Traditional economics failed to predict the scale of the knock-on effect of the credit crunch on the world economy. The new software shows how banks react in different ways by looking at a wide range of factors like how much reserves they must keep compared to investments, their savers' consumption/investment and saving patterns, and psychological factors like confidence in the market. It can then give policymakers – who want to know how fiscal and monetary reforms will affect banks and customers – a better warning of the scale of a financial crisis' impact on the real economy. The software can also simulate the same scenario with an older demographic to help plan for an older Europe, or with limited energy supplies.

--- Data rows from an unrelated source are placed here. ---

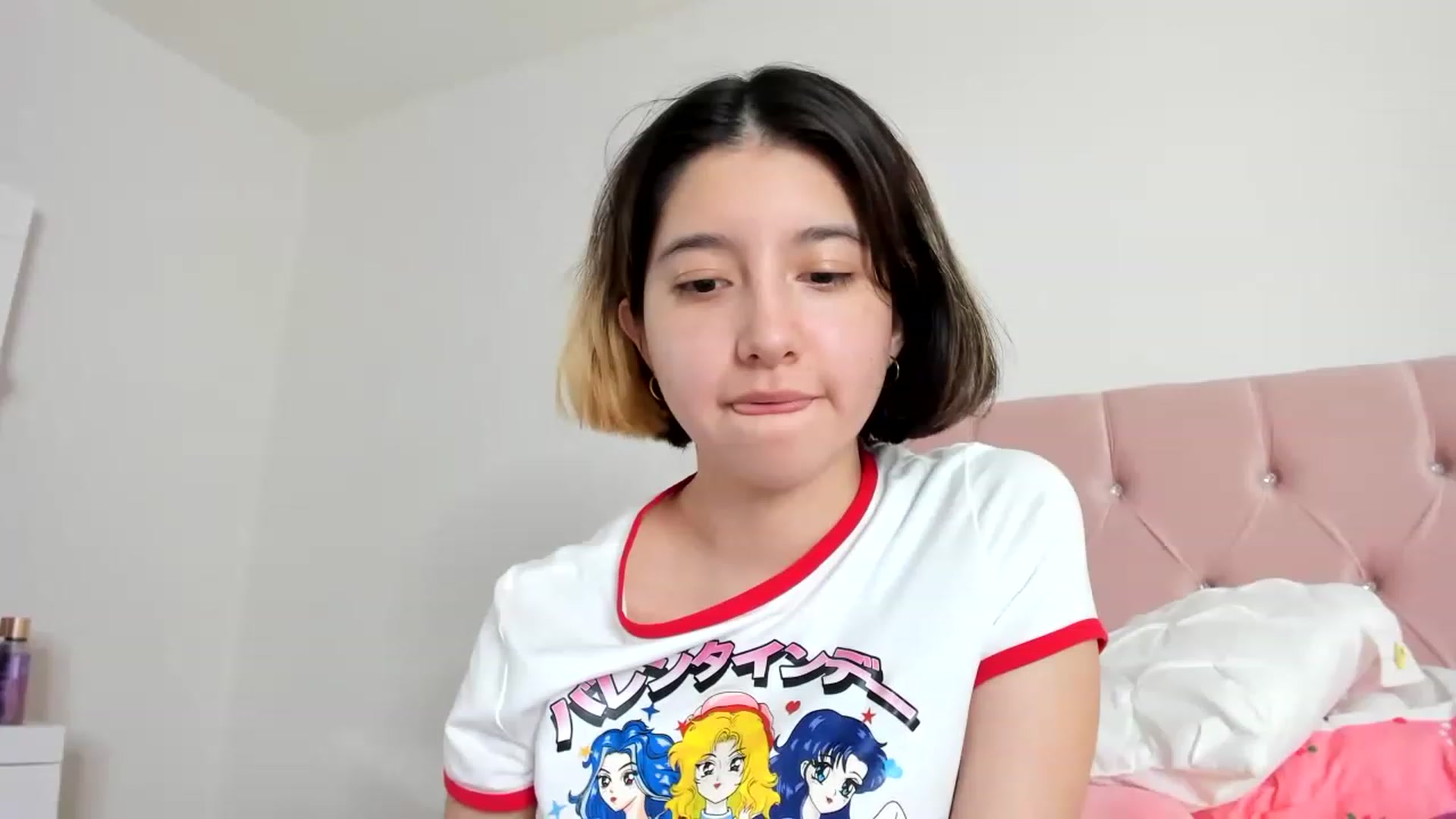 Gallery image thumbnail from Cherrycute666's myfreecams stream on, 01/18/2023, 15:03 image 18 of 20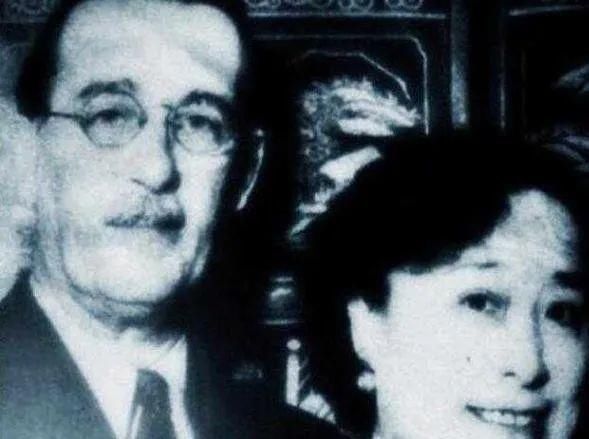 嫁给|慈禧的最美御前宫女:精通八国语言清朝灭亡后嫁给了美国人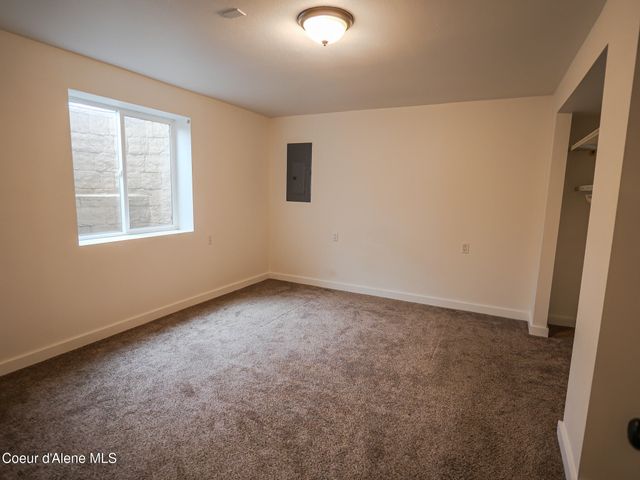 9684 N Melrose ST, Hayden, ID 83835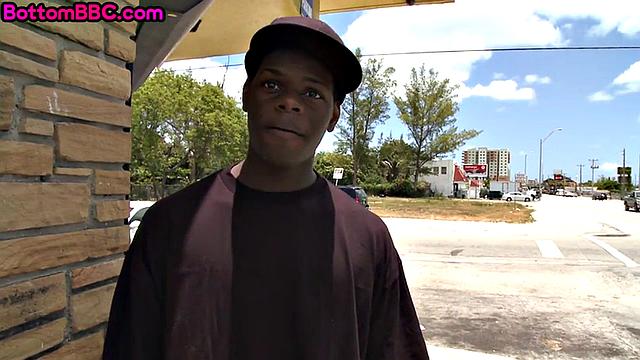 Смотри, как взрослый черный парень гнется ради быстрого секса с белым парнем за деньги!
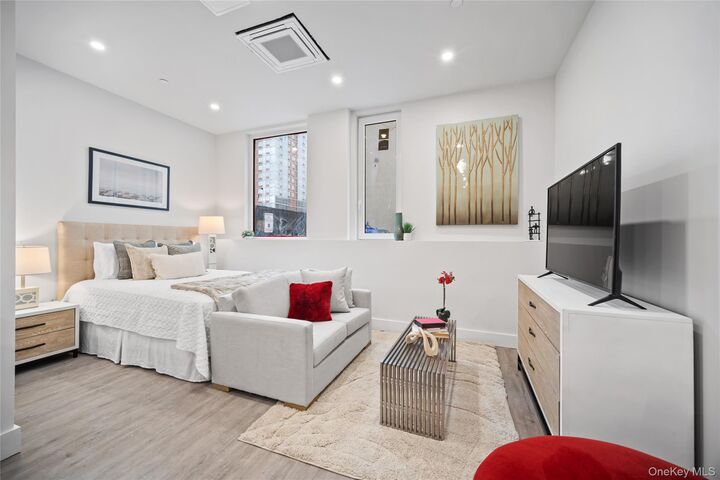 Property Photo:  40 Westchester Place 309  NY 10801 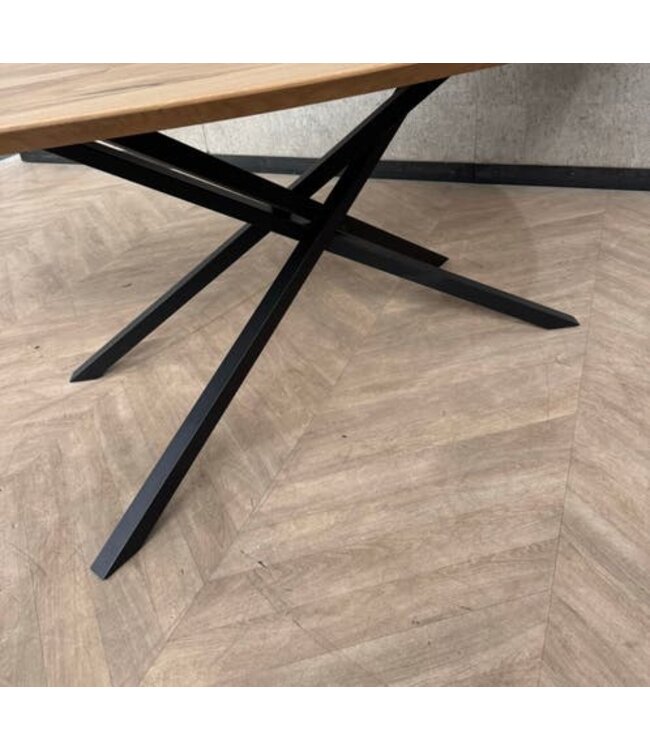 Massief noten hout eettafel ovaal 220x100 *nieuw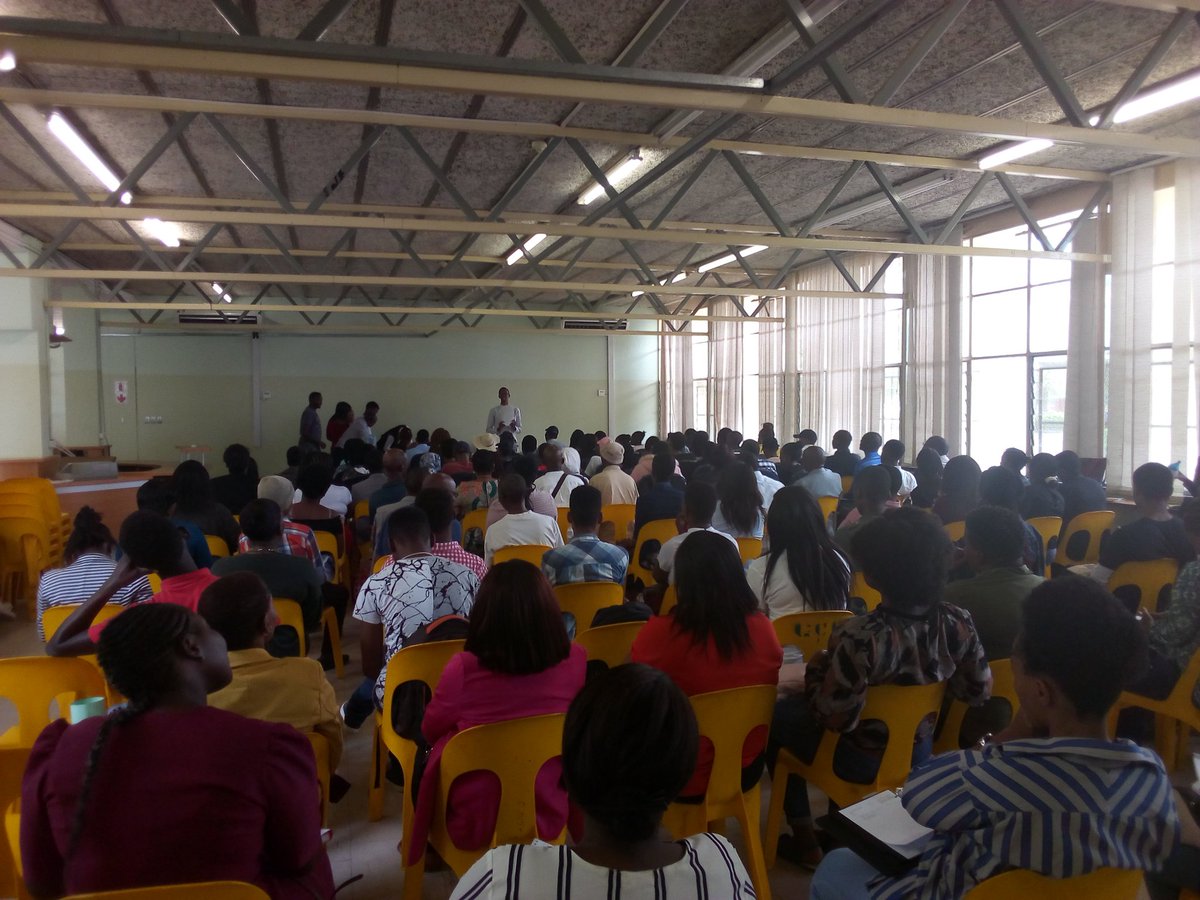 lillianmoremi's tweet photo. Happening now ---> #MoneySkills #Entrepreneurship #ReadyToWork #YouthTraining shout out to @careercoachbw #GaboronePublicLibrary #SteppingStonesInternational https://t.co/xcVVpl5n3U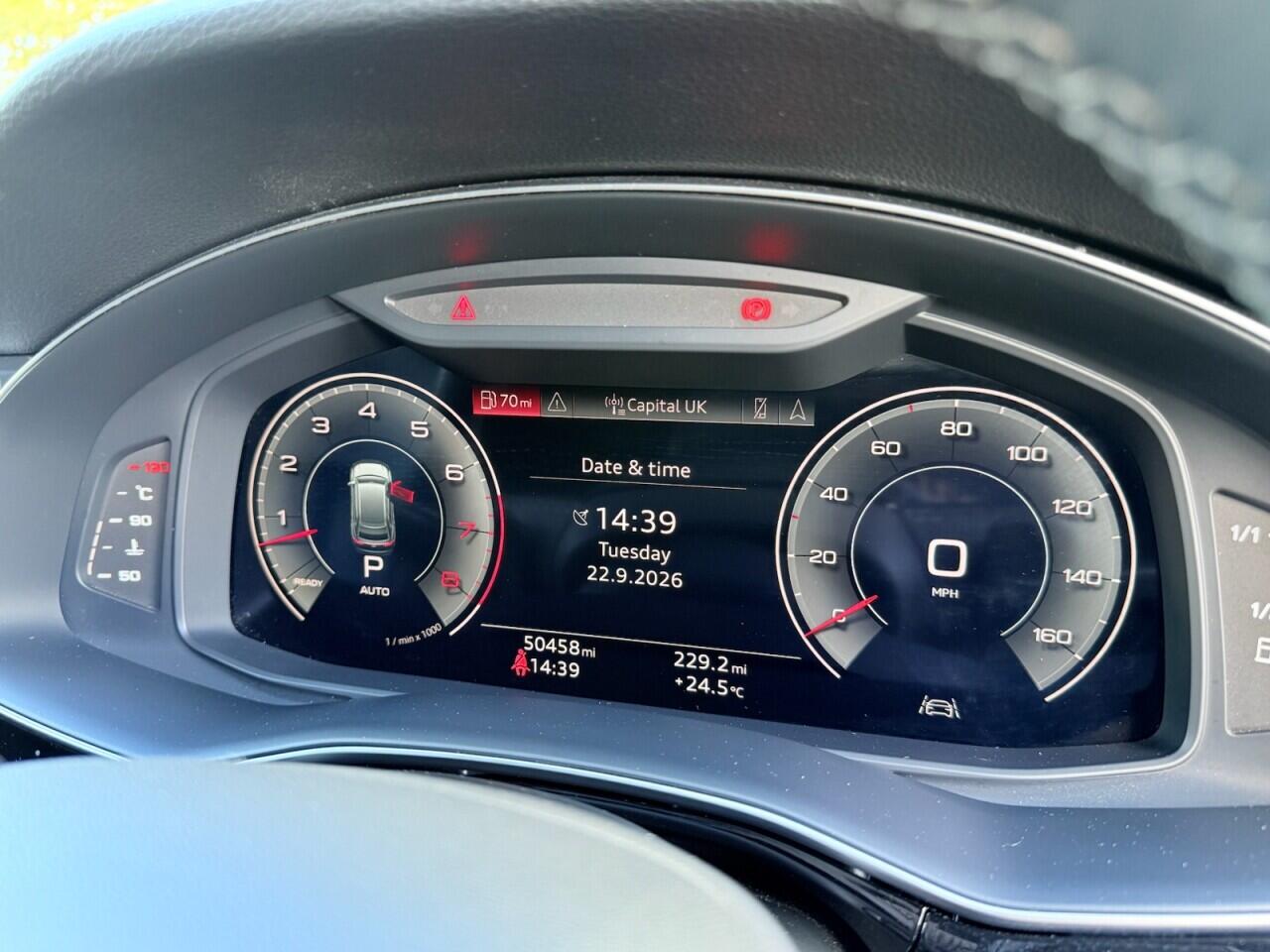 Audi Q8 view 17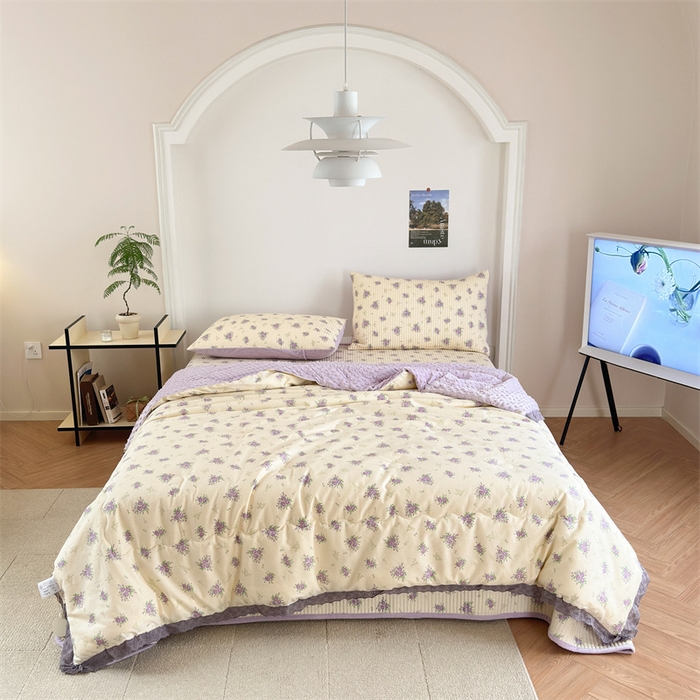 91家纺网 家纺一手货源 找家纺 星期八 2023新款全棉花边豆豆被 紫藤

Designed to run on supercomputers that allow simulation to be carried out on a massive scale but accessible to any connected desktop PC, the software can be used by economists and policymakers with no knowledge of computer programming. By connecting hundreds of thousands of small simulated actions and reactions across the economy, the software can give policymakers better and bigger pictures of their policy impact on people's life and work.

The three-year project was carried out by economists and computer scientists from eight universities (in Italy, France, Germany, Turkey and the UK), brought together by the EU and financed from the European Commission's technology research budget.